I've just taken the head off. When the CH is switched on it moves through it's arc to the uppermost position. I am presuming that when the HW is on it should move to the opposite end of its range of motion but it doesn't. It just stops roughly halfway in between and starts making the clicking noise. Should i try and see if the valve moves manually through its full range of motion or is this enough to suspect it's just the head? Also if I do just decide the head needs changing should I drain the system down, take off the valve and make sure no debris/sludge is impeding it's movement. Do all makes fit these three way valves?
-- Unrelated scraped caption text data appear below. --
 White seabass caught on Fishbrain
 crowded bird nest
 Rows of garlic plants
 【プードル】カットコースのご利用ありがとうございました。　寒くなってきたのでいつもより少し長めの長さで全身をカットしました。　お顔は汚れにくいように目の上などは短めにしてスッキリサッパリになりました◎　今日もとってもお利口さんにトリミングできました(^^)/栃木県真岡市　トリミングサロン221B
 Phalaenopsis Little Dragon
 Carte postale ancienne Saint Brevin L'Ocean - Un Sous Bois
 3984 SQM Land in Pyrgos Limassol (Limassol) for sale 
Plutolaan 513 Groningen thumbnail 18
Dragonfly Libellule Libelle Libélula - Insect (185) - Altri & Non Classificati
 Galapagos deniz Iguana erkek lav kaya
Also do all valves have the function to move it to a flushing position in order to fully drain the system down?
 
If you can move the spindle manually then it's free enough to not have to change the body ... However a modern diverter would save you in the long run IMHO ... Systems prone to sludge sounds dodgy mind!!! I'd be concerned there as there's most likely an underlying issue giving you that grief :)
 
If you can move the spindle manually then it's free enough to not have to change the body ... However a modern diverter would save you in the long run IMHO ... Systems prone to sludge sounds dodgy mind!!! I'd be concerned there as there's most likely an underlying issue giving you that grief :)
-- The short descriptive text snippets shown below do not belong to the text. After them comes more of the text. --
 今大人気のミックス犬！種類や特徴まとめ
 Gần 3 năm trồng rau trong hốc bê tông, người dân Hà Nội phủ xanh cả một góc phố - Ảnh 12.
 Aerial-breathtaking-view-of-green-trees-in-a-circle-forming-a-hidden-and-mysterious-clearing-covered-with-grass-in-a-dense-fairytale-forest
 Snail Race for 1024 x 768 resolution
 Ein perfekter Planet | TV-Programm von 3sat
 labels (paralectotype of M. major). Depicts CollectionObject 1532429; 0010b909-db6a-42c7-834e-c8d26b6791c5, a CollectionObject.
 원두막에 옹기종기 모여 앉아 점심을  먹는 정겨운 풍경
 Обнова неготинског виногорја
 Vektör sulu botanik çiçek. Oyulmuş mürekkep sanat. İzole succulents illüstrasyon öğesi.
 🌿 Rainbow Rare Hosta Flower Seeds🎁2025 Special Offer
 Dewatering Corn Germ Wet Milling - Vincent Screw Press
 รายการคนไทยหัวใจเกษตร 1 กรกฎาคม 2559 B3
Cheers for that. I see you are not too far from me.. I live in Bedlington now but am originally from the town. I'll try and keep this brief. Our system was new 13 years ago when the house was built but has always tended to be noisy with bubbling/kettling type noises and air will always accumulate in the bathroom rad. A mate of mine is a DIY plumber and he recommended draining it down which we did a few years back and it was totally black!! I have always intended on doing this but then running something like Sentinel X400 through to clean everything or take off each rad and hose it through clean. The key word there is "intended" as i never got round to it but for the past few weeks the diverter has been sticking all the time it was on my list of things to do some time within the next few weeks. Seems my hand has been forced a little earlier than i thought though!!!
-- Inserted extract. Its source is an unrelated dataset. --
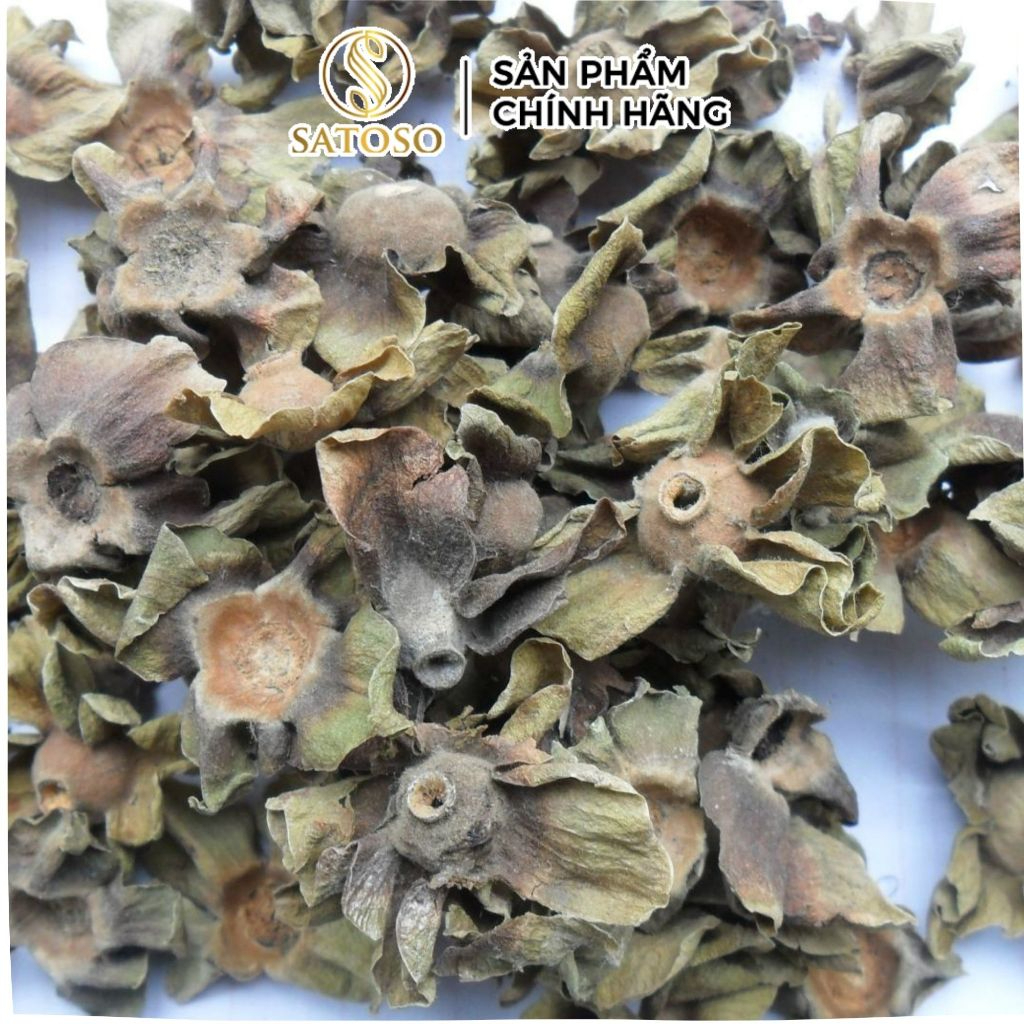 Thị Đế Khô SATOSO - Ảnh 4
What do you mean by a modern diverter?
 
By modern I mean a newer model valve. I'd bet the SD2701 actuator is about the same price as a new valve? Did you put any inhibitor in when you drained it? Even if you did it sounds like it may need some more? It could well be gas not air that's accumulating, by-the-way? One of the bi-products of corrosion is hydrogen!
 
Thanks for that. I think it probably is hydrogen due to corrosion as even when I bleed the radiators the water is still black. I have just been up and the valve will turn manually. There is some resistance and it's pretty awkward to reach but it is turnable by hand. So I'm thinking....new head (which type/make??). Finally put some cleaner in followed by an inhibitor. I have to say that the cleaner and inhibitor were highly recommended but I just didn't get round to sorting it. What a tool!
 
:lol: You can get the SD2701 straight swap :)

Yip that's what i intended but I just thought if I could get something like a Honeywell it might last longer. Anyway I'm just going to replace the head like for like and get another Sunvic. I've just taken the panel off the junction box to see about the wires. I thought if i just took note of the wiring i could just replace like for like. Until i saw the orange wire from the Sunvic was hanging out of the terminal block. it almost looked like it should have been in there but had dislodged. Grrrrrrrrr that wiring looks far too complex!!!!! Might have to admit defeat and get a professional in.

Just searched for the wiring diagram and it seems that the orange is HW only. It seems strage this is the wire that seems like it has come out of the terminal block. Too scared to try and put it in with the yellow wire which is where it seems to have come from.